Le marketeur est un homme comme les autres et il n'est pas à l'abri de la surinformation. « Il y a dix ans, les demandes étaient assez basiques. C'était surtout ce qu'on pourrait appeler des diagnostics, poursuit Georges Lewi. Aujourd'hui, les grandes entreprises se rendent bien compte qu'une étude ne donne pas une stratégie, elles viennent chercher une méthodo.» Et aussi du concret. « Dans le cadre des réunions du High Co Institute, au sein duquel nous avons rassemblé une vingtaine de responsables de grandes marques, nous interdisons les mots abstraits et nous privilégions les adjectifs. Les mots conceptuels sont des mots lisses que l'on peut utiliser avec des sens différents.

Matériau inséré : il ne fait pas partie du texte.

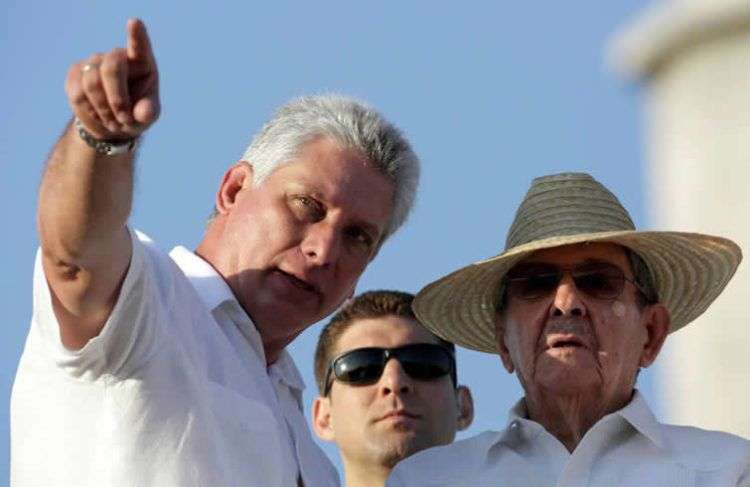 Miguel Diaz-Canel y Raúl Castro durante el acto por el 1o de mayo de 2016. Foto: Reuters.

Pourquoi parler de "praticité", "d'éphémère"..., quand on peut tout simplement dire que Bic c'est "pratique", "jetable", "pas cher". Globalement il faut être capable de parler comme les vrais gens, pas comme les gens de bureau de marketing. » Cette difficulté à regarder les choses simplement a également provoqué des dérives. « S'il semble évident que la marque est un vecteur de la stratégie, certaines entreprises l'ont tellement survalorisée que c'est finalement celle-ci qui détermine la stratégie ! », explique Laurent Dupuis. Il est étonnant et dommageable que les humoristes ne fassent pas plus de sketchs sur le jargon du marketing. En plus de favoriser l'autodérision, cela permettrait peut-être de renouveler tout un tas de vieilles notions, rassurantes pour les entreprises mais totalement obsolètes pour analyser les marchés.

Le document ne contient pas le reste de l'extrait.